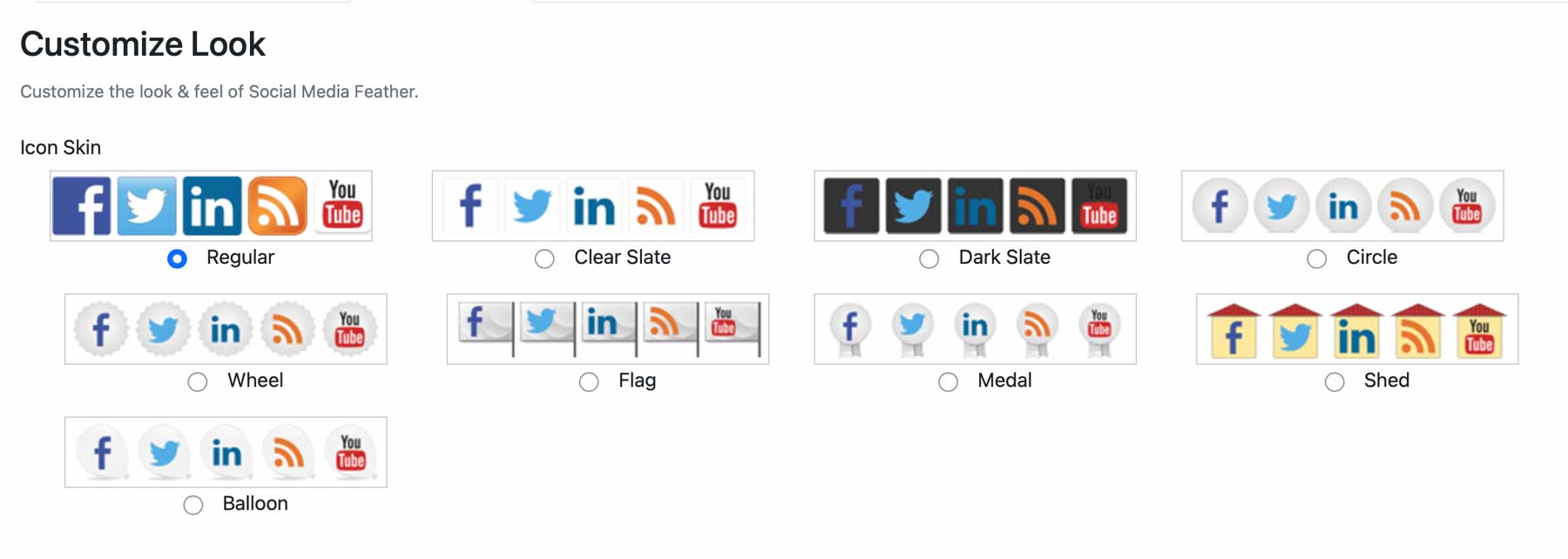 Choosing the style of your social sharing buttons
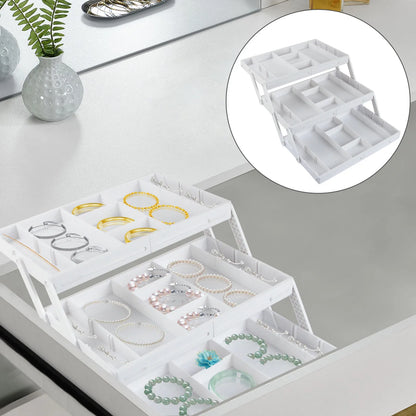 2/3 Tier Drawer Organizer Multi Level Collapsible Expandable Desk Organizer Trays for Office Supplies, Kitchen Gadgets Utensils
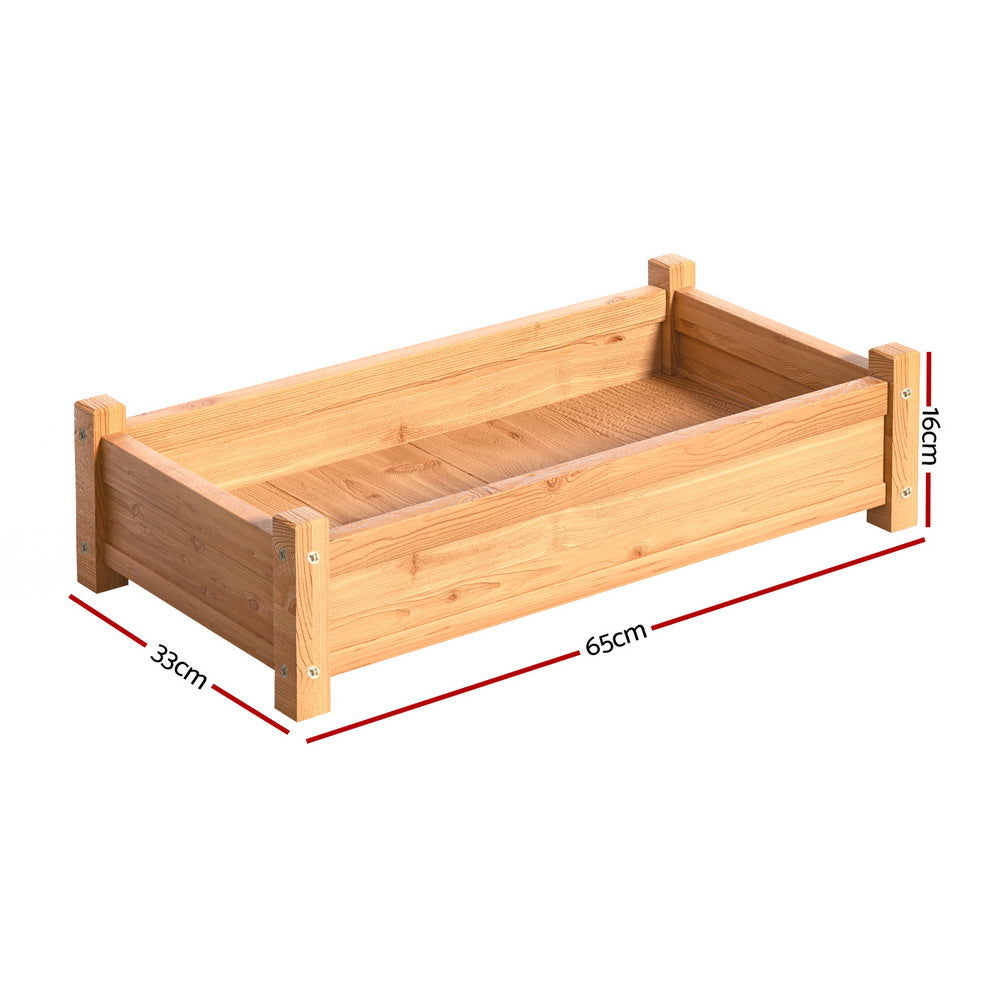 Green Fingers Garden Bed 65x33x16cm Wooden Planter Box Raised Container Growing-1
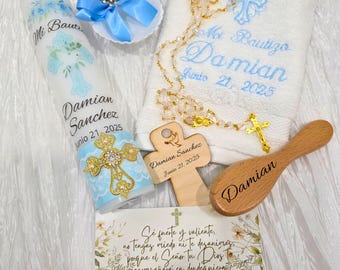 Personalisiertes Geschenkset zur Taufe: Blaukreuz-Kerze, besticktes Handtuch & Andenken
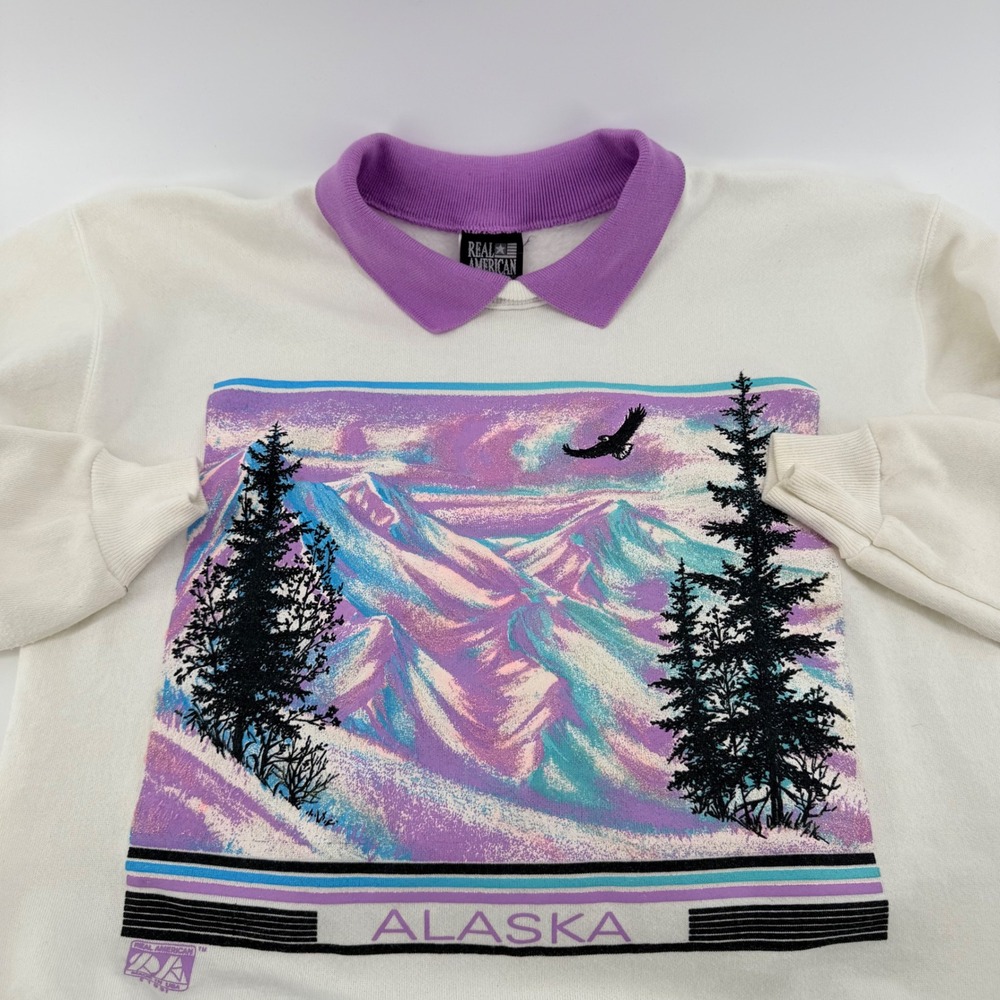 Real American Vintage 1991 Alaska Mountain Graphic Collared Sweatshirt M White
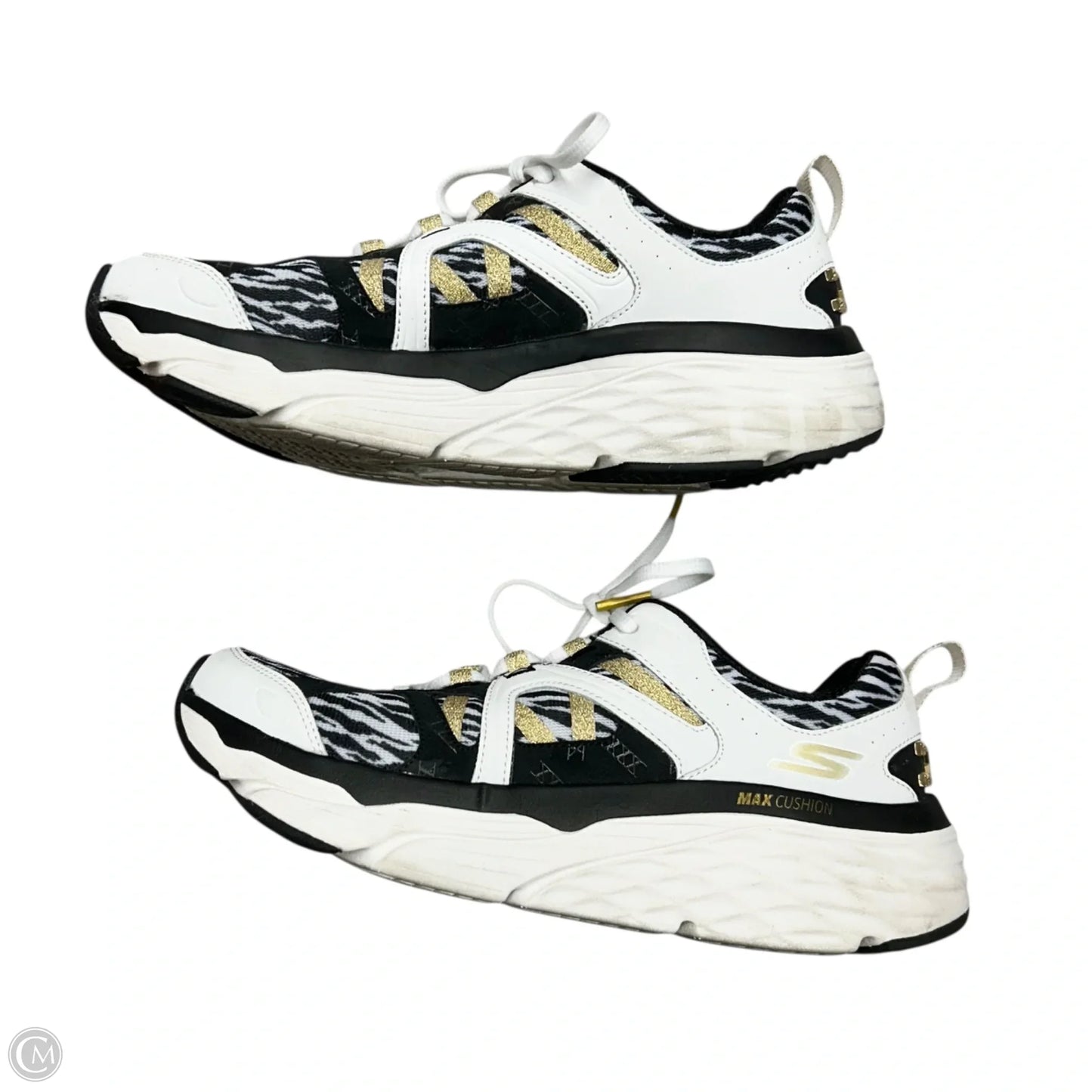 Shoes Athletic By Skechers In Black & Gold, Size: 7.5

• • • • • • •

■ **About this exercise**
From the line holding "2/3 Tier Drawer" to the last line of the listing, please output each line exactly as it stands. Pictures stay out of the copy.

■ **Solution for this task**
 2/3 Tier Drawer Organizer Multi Level Collapsible Expandable Desk Organizer Trays for Office Supplies, Kitchen Gadgets Utensils
 Green Fingers Garden Bed 65x33x16cm Wooden Planter Box Raised Container Growing-1
 Personalisiertes Geschenkset zur Taufe: Blaukreuz-Kerze, besticktes Handtuch & Andenken
 Real American Vintage 1991 Alaska Mountain Graphic Collared Sweatshirt M White
 Shoes Athletic By Skechers In Black & Gold, Size: 7.5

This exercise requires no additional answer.